# [Prompt]
Starting at the top of the entries, restate word for word each line up to and including the one with "Adjustable Cock Ring".

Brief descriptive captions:
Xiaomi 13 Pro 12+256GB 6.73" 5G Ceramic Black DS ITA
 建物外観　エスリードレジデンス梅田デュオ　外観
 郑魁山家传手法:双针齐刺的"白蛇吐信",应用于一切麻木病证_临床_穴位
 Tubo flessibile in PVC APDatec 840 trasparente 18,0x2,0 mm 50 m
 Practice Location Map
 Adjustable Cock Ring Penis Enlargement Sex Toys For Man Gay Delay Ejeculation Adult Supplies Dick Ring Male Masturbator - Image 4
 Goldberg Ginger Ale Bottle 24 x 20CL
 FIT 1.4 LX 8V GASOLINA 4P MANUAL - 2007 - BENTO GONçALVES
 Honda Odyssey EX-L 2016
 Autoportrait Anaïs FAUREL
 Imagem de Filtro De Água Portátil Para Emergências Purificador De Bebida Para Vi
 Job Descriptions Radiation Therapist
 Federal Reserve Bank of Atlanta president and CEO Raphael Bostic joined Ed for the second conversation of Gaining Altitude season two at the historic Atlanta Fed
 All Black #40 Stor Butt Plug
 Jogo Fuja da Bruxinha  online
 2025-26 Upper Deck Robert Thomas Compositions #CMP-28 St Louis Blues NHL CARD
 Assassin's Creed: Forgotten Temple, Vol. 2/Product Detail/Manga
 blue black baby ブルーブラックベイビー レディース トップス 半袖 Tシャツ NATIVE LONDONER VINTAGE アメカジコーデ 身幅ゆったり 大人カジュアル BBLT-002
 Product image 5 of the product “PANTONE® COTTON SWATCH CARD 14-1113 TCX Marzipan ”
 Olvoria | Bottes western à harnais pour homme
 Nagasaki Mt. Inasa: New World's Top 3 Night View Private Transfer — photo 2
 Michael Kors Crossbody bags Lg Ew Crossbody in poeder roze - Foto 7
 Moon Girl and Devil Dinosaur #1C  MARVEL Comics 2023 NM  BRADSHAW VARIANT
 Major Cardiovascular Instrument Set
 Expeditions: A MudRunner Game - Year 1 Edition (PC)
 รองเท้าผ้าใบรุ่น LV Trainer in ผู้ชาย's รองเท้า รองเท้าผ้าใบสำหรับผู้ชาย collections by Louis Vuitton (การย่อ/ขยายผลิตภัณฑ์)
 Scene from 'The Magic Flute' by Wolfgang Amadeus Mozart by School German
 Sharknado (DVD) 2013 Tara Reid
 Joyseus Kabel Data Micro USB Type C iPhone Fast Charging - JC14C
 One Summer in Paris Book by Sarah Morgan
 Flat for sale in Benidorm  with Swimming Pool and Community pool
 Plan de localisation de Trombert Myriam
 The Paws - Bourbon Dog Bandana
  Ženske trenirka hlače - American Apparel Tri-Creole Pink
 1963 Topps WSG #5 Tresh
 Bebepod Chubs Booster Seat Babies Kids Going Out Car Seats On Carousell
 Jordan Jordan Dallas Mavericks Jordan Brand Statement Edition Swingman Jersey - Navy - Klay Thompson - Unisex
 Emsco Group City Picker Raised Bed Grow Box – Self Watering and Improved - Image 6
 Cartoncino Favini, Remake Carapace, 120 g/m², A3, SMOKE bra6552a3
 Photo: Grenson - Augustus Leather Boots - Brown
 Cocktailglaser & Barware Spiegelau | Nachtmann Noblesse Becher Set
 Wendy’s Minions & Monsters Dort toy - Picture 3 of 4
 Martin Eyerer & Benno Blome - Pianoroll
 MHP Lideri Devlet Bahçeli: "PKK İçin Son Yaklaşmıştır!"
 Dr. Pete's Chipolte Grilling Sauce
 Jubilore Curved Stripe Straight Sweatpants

# [Response for this exercise]
Xiaomi 13 Pro 12+256GB 6.73" 5G Ceramic Black DS ITA
 建物外観　エスリードレジデンス梅田デュオ　外観
 郑魁山家传手法:双针齐刺的"白蛇吐信",应用于一切麻木病证_临床_穴位
 Tubo flessibile in PVC APDatec 840 trasparente 18,0x2,0 mm 50 m
 Practice Location Map
 Adjustable Cock Ring Penis Enlargement Sex Toys For Man Gay Delay Ejeculation Adult Supplies Dick Ring Male Masturbator - Image 4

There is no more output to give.